Political Modernism (cont)

Alex Juhasz responds to my post, and she explains the value she sees in connecting formal self-reflexivity to political critique. One thing I find intriguing is her attempt to see an inadvertant political modernism of examples in contemporary networked nonfiction culture.

To clarify, I don't put Juhasz in the "sneaky" camp. I was drawn to her post because she seemed clear in her political modernism. I think the arguable "sneaking through the backdoor" applies to the new theoretical readings that privilege art cinema or experimental work as a site for a superior kind of spectatorship. One can point to any number of examples, but if I had to pick one, I'd say that Michelle Langford's reading of The Day I Became Woman (Camera Obscura 64) demonstrates this type of reading.

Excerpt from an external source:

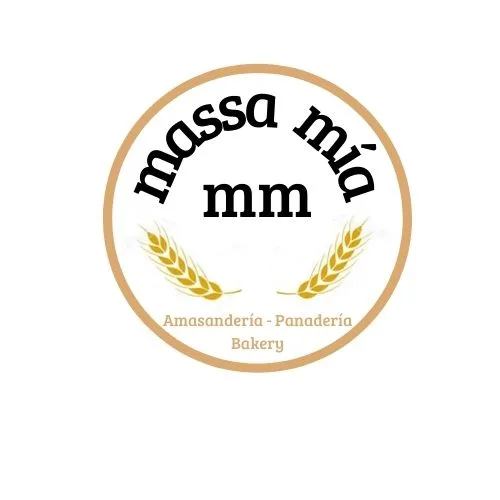 mm massa mía  Amasandería Panadería Bakery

Never does Langford directly claim that realist representation lulls the spectator into ideological complicity, but she does argue a) that the value of The Day I Became Woman is not in the explicit or implicit representations of Iran but rather in the complex philosophical state that the film puts the spectator in because of its formal strategies and b) that this philosophical state is a more nuanced and political relevant disposition than learning from any direct message.

What interests me is that a discipline that at first blush seems to have "moved beyond" the 1970s Screen theory style of political modernism has formulated a theoretical variant that in some regards (not others) is not too different.

1 comment:

Anonymous said...

I have to wonder, Chris, what's at stake in our collective assertion that the discipline has "moved beyond" the supposedly homogeneous block of "70s theory"? I agree with you that this is more or less the consensus; but what ideology informs such a claim?

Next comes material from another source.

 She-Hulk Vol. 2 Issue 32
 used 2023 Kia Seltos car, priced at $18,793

Why are we so quick to refer arguments and claims to disciplinary consensus? Why do we stop short of making evaluative claims about the quality of scholarship, and of the objects it addresses, preferring instead to (implicitly) dismiss certain scholars for being "out of date"?

The desire to continually "move beyond," to progress to the newest and trendiest discourse with the newest and trendiest objects of study: this is "modernist" to the core! Not in the sense Rodowick (via Sylvia Harvey and Fredric Jameson) means by "political modernism", but still, we're talking about the ideology of "making it new" here, regardless of the object of study.

There's a certain self-satisfied entitlement in the assertion that we've "moved beyond" 70s film theory. Obviously, there were problems with things written in the 1970s, but rather than actually deal with those problems through close reading and careful scholarship we dismiss it en bloc and pat ourselves on the back for having "moved on."